Please print, exactly, only the lines in the entries below from the line that has "Pink Lemonade by" through the line that has "Beanies * | Beams Plus Wool Watch Hat". Pictures don't go in.

━━━ Data for this exercise

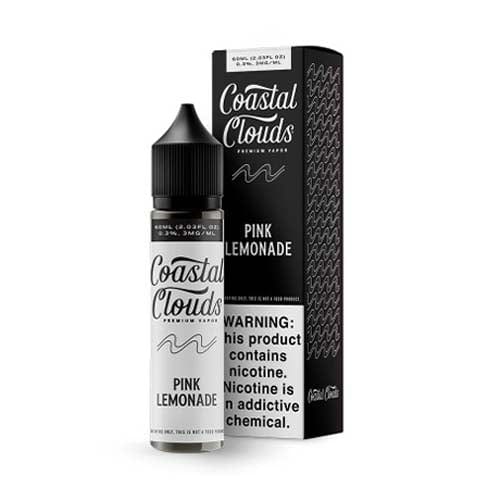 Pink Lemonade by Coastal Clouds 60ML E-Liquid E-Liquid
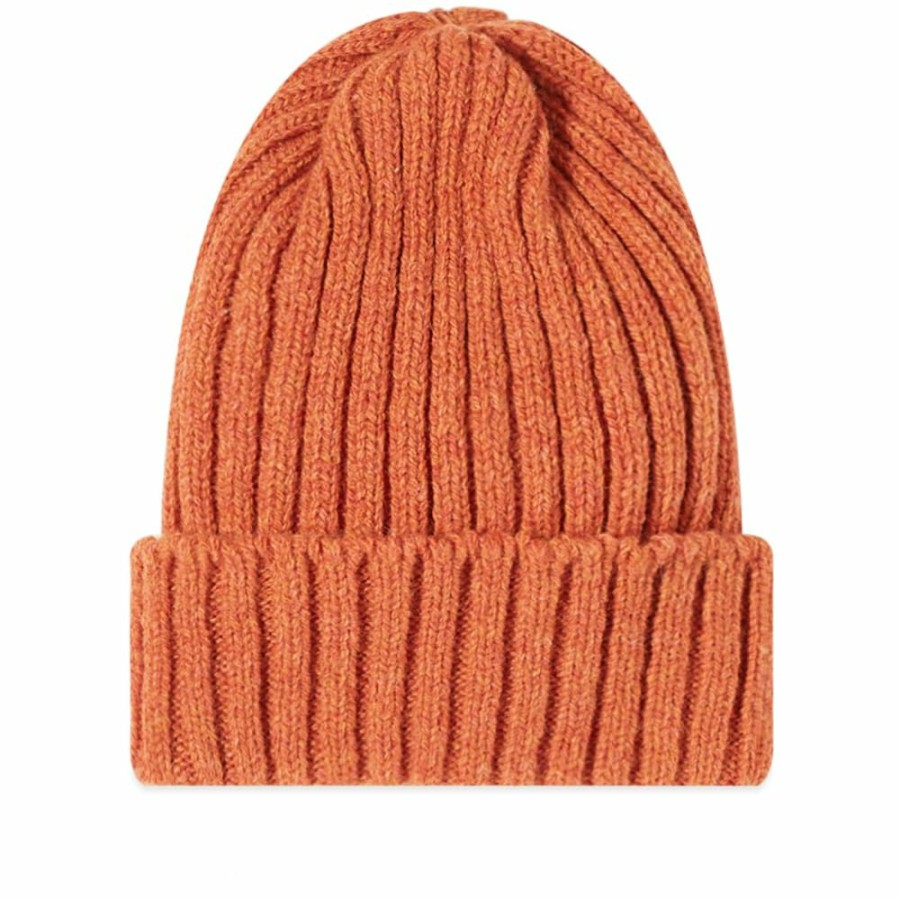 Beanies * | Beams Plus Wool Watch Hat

━━━━━━
━━━ Data for this exercise

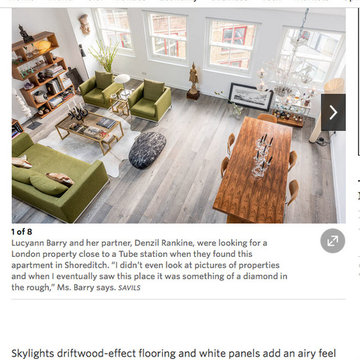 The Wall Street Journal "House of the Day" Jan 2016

━━━━━━
━━━ Data for this exercise

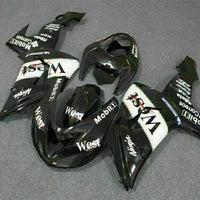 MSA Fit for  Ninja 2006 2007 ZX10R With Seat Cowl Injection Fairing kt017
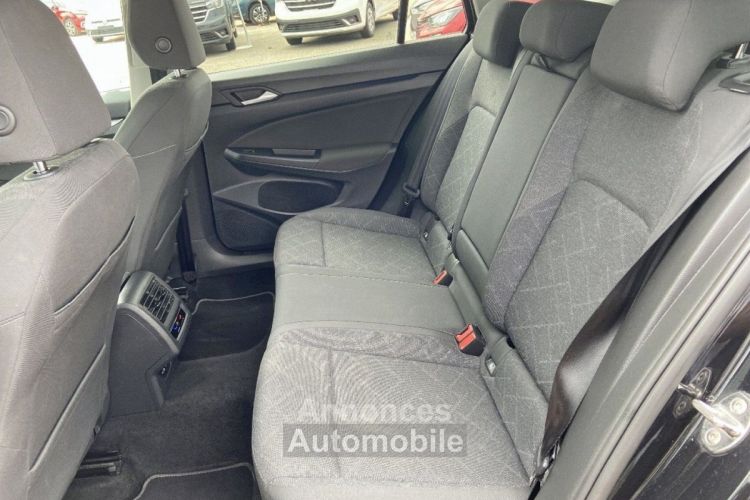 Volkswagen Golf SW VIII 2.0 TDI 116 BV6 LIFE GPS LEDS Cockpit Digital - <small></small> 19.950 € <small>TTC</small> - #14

━━━━━━

- **Answer below**
 Pink Lemonade by Coastal Clouds 60ML E-Liquid E-Liquid
 Beanies * | Beams Plus Wool Watch Hat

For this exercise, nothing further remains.